### Work request
Beginning with the line that holds "859 Clifton Avenue, Clifton, NJ 07013" in the data below, give again every line through the one that holds "Je dois y aller, ma", exactly as written.

### Exercise materials
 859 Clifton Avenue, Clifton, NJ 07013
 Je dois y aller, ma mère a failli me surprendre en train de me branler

* * *

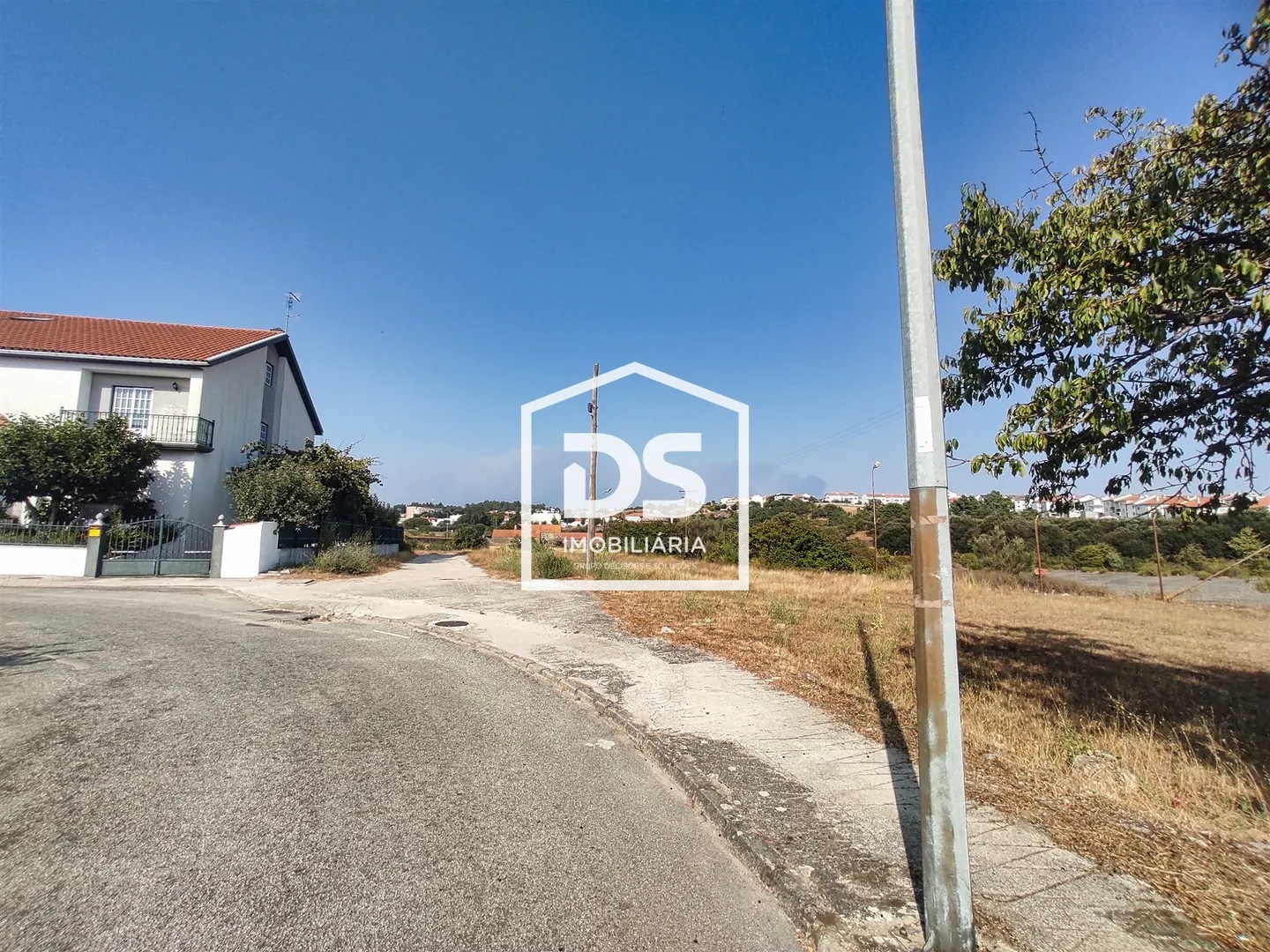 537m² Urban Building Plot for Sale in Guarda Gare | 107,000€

--

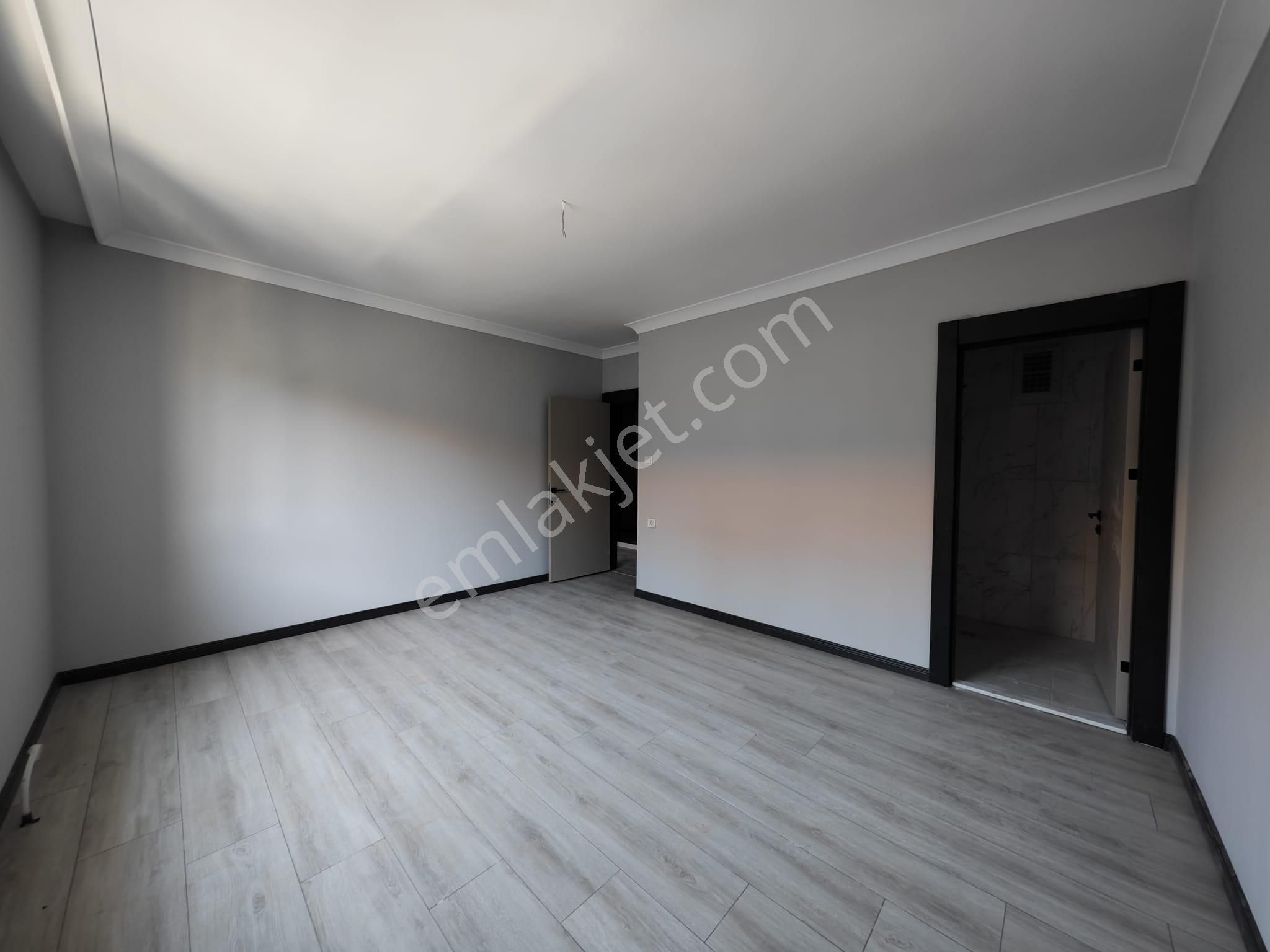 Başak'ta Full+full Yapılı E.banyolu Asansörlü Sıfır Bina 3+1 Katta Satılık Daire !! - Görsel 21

### Output
 859 Clifton Avenue, Clifton, NJ 07013
 Je dois y aller, ma mère a failli me surprendre en train de me branler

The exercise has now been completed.